Officials and Historians Gather to Celebrate Tacoma Union Station U.S. Courthouse
GSA Regional Administrator George Northcroft, Congressman Norm Dicks, Washington Lt. Gov. Brad Owen, and Chief Judge Robert Lasnik, were among the dignitaries gathered on Sunday, May 1 to commemorate the 100th Anniversary of the opening of Tacoma Union Station.
This centennial celebration was an opportunity to reflect on the importance this facility played in Tacoma’s history. More recently the conversion of the station into a Federal Courthouse provided the impetus for the revitalization of downtown Tacoma.
"New Tacoma" was established as the western terminus of the Northern Pacific Railroad in the 1870's and Tacoma was dominated by railroad interests for the first 70 years of its existence. The construction of the current Union Station in 1911 was a major milestone for Tacoma marking it as a first-class transportation hub. The building was designed by Charles Reed and Allen Stem, the architectural firm that designed railroad stations all across the country including Grand Central Station in New York.
The 1992 renovation of Tacoma Union Station and its adaptive reuse as a U.S. Courthouse was the impetus for the current renaissance of downtown Tacoma. This GSA project saved one of Tacoma's most important buildings from the wrecking ball and is perhaps the foremost example in the nation of federal, state, and local cooperation creating a positive environment leading to the rebirth of a downtown urban area.

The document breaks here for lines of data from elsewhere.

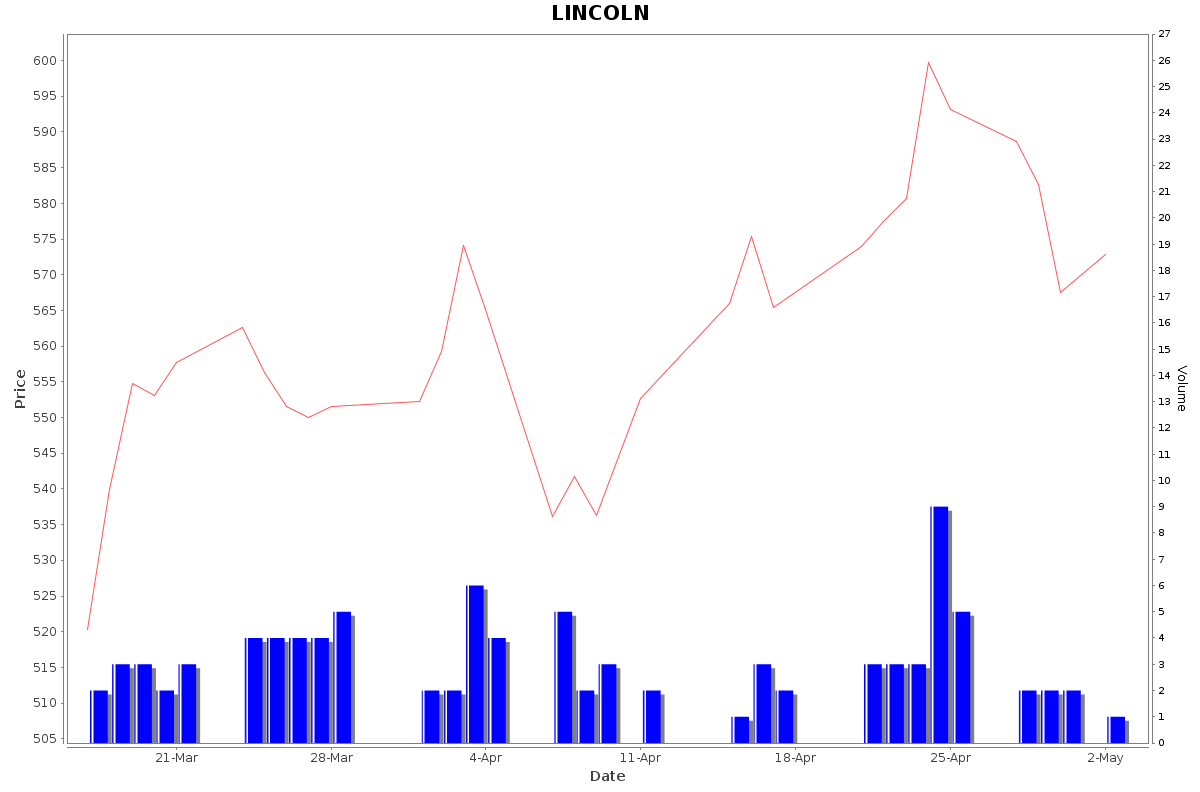 LINCOLN Daily Price Chart NSE Today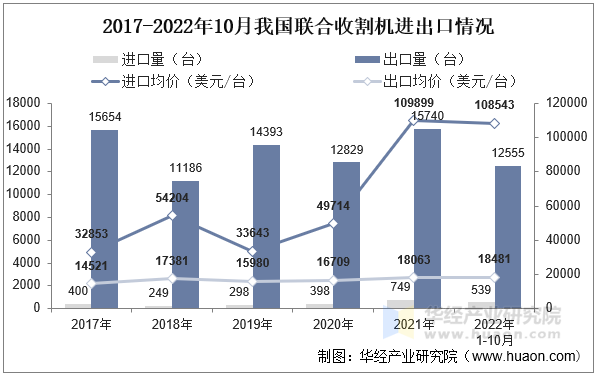 2017-2022年10月我国联合收割机进出口情况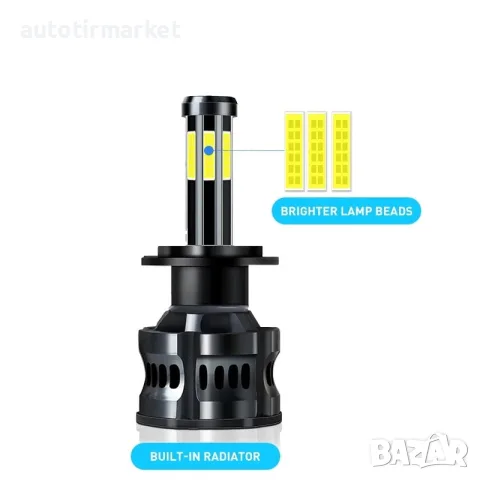 300W крушки за фар 8LED H7 6000K 12V – T206-H7, снимка 5 - Аксесоари и консумативи - 56054102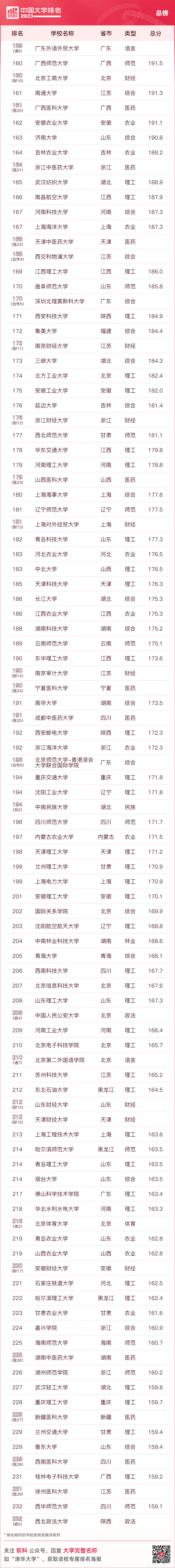 888电子集团app2025最新版阿尔比恩大陆环境展示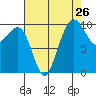 Bangor tide chart for Friday, August 26, 2022
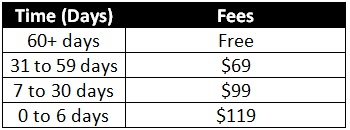 Spirit Airlines Cancellation fees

Local historian Michael Sullivan recounted the history of the railroads in Tacoma and read a list of dozens of important people who had travelled through Union Station including Presidents Theodore Roosevelt and Franklin Roosevelt, singer Bing Crosby, comedian Bob Hope, criminals Machine Gun Kelly and Al Capone, heavyweight boxing champion Jack Dempsy, and baseball great Babe Ruth.
Mr. Northcroft congratulated Tacoma on the transformation that has taken place since GSA reopened the building as a U.S. Courthouse and said the city can look forward to another 100 years of its use.
Following the ceremony, a series of panel discussions were held at the Washington State History Museum. These panel discussions focused on Tacoma’s diverse cultural history, its relationship with the railroads and the conversion of Union Station into a U.S. Courthouse.